Mesajı Okuyun
Old 25-05-2021, 18:36   #1
Av. Meltem ERTÜRK

 
Varsayılan belgesiz takip, menfi tespit, arabuluculuk

Merhaba meslektaşlarım. İşin içinden çıkamadım acil desteğe ihtiyacım var şimdiden teşekkür ederim..

Müvekkilim galericidir. Çalıntı olduğunu bilmeden Bir başka galeriden araba alıyor ve A kişisine satıyor. A aslında kendisi kullanmak için almış tüketici yani. Sonra A da B kişisine satıyor. Araç B de..
En başta bizim aracı aldığımız Galerici hakkında yürütülen soruşturma kapsamında bu araç da çalıntı olabilir denilerek B kişisinin elinden alınıyor. Henüz çalıntı raporu çıkmadı soruşturma sürüyor. Bizim müvekkil de ondan araç aldığı için 'bilgi amaçlı' ifade veriyor.

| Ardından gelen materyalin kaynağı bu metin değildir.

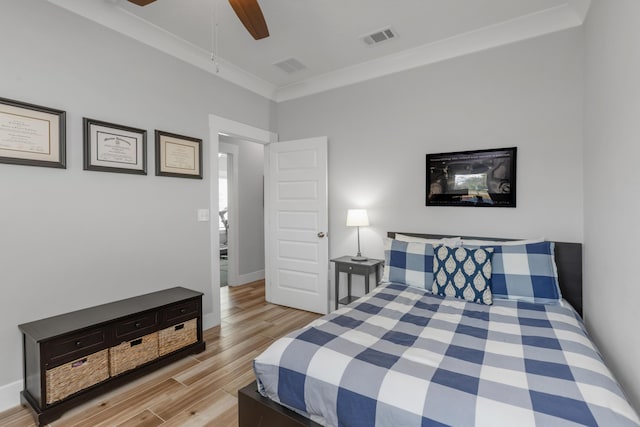 bedroom with light wood-style flooring, crown molding, visible vents, and a ceiling fan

B, A ya ilamsız takip yapıyor bedeli geri istiyor ve takibe itiraz ile durduruluyor. Henüz hiç bir şey belli değilken A da bize takip yapıyor AMA müvekkil itiraz süresini geçiriyor. Takip kesinleşti ve tüm araçlarına evlerine haciz konuldu, yakalama da konulacak. Takip açılırken hiçbir belge yok bu arada açıklama da yok..
Menfi tespit hazırlığı içindeyiz birkaç hususu netleştiremedim:
1-takibe itiraz edemediğimiz için yetkisiz yerde kesinleşmiş oldu, açacağımız ilde sadece asliye hukuk mahkemesi var. Bu dava sizce asliyede mi açılmalı, yoksa tüketici mahkemesi sıfatıyla mı denmeli?

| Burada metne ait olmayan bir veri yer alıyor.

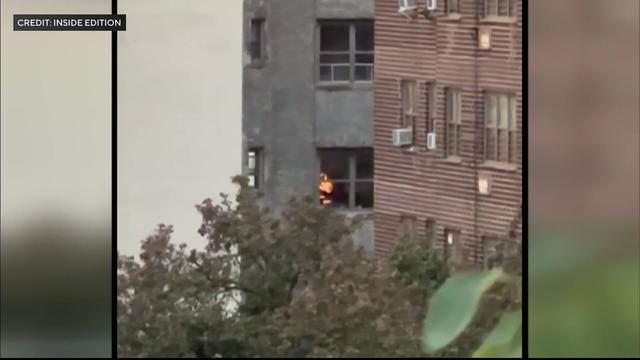 What appear to be flames can be seen through an apartment window in Manhattan.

2-Belgeye dayanamadığı için ispat yükü alacaklıda, bu yüzden tüketicide açmam alacağın kaynağını bildiğim anlamına gelmez mi?
3-Asliyede açmam istersem(tüketici sıfatıyla değil) arabuluculuk zorunlu mudur?
4- son olarak, teminat mektubu ve yüzde 15 teminat ile tedbir aldıktan sora o kararı icraya sunarsak hacizler kalkar mı? ( gölbaşında kaldırmıştım ama birçok kişi kalmayabilir dedi)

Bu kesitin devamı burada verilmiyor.